→ HOW TO COMPLETE THIS TASK
In the entries that follow, find the line containing "Gold-Plated Stainless Steel"; from there, copy every line exactly through the line containing "Τσάντα καλωδίου VEVOR".

Entries taken from a collection:
- Opening Delimiter -
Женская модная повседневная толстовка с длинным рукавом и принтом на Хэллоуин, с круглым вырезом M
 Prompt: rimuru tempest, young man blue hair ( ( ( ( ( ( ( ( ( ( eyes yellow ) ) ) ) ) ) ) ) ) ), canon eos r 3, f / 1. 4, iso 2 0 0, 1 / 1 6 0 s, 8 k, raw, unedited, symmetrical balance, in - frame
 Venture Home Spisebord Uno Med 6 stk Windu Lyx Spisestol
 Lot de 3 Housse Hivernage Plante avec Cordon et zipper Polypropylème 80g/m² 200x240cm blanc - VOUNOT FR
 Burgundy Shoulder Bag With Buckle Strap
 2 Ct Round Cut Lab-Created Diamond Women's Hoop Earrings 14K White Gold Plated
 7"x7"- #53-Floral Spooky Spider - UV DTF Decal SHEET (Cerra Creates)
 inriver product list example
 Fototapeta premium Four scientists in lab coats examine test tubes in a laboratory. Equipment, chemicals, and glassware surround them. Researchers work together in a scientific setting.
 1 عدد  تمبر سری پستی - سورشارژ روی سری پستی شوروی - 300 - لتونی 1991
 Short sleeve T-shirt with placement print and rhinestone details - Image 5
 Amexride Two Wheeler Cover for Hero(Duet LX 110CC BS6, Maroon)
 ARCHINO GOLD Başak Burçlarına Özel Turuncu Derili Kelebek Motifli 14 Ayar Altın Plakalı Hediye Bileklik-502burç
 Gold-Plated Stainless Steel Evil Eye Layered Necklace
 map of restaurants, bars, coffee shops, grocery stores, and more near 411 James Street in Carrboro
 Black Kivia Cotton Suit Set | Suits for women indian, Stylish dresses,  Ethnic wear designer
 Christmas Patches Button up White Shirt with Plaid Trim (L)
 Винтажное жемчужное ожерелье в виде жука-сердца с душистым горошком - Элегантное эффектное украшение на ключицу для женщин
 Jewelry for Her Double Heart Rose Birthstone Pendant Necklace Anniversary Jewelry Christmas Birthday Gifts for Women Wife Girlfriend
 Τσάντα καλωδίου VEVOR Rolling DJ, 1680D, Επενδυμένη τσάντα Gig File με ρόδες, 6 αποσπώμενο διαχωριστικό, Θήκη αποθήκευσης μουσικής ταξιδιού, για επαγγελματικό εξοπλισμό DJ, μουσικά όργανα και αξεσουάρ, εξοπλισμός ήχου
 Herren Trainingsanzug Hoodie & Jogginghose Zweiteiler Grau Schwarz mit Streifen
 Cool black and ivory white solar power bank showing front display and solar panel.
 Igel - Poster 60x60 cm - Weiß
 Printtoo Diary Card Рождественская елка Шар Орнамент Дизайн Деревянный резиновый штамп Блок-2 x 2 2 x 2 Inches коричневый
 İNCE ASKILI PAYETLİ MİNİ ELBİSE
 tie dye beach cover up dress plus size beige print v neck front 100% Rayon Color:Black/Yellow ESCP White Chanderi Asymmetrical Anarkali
- Closing Delimiter -
→ FINISHED EXERCISE
 Gold-Plated Stainless Steel Evil Eye Layered Necklace
 map of restaurants, bars, coffee shops, grocery stores, and more near 411 James Street in Carrboro
 Black Kivia Cotton Suit Set | Suits for women indian, Stylish dresses,  Ethnic wear designer
 Christmas Patches Button up White Shirt with Plaid Trim (L)
 Винтажное жемчужное ожерелье в виде жука-сердца с душистым горошком - Элегантное эффектное украшение на ключицу для женщин
 Jewelry for Her Double Heart Rose Birthstone Pendant Necklace Anniversary Jewelry Christmas Birthday Gifts for Women Wife Girlfriend
 Τσάντα καλωδίου VEVOR Rolling DJ, 1680D, Επενδυμένη τσάντα Gig File με ρόδες, 6 αποσπώμενο διαχωριστικό, Θήκη αποθήκευσης μουσικής ταξιδιού, για επαγγελματικό εξοπλισμό DJ, μουσικά όργανα και αξεσουάρ, εξοπλισμός ήχου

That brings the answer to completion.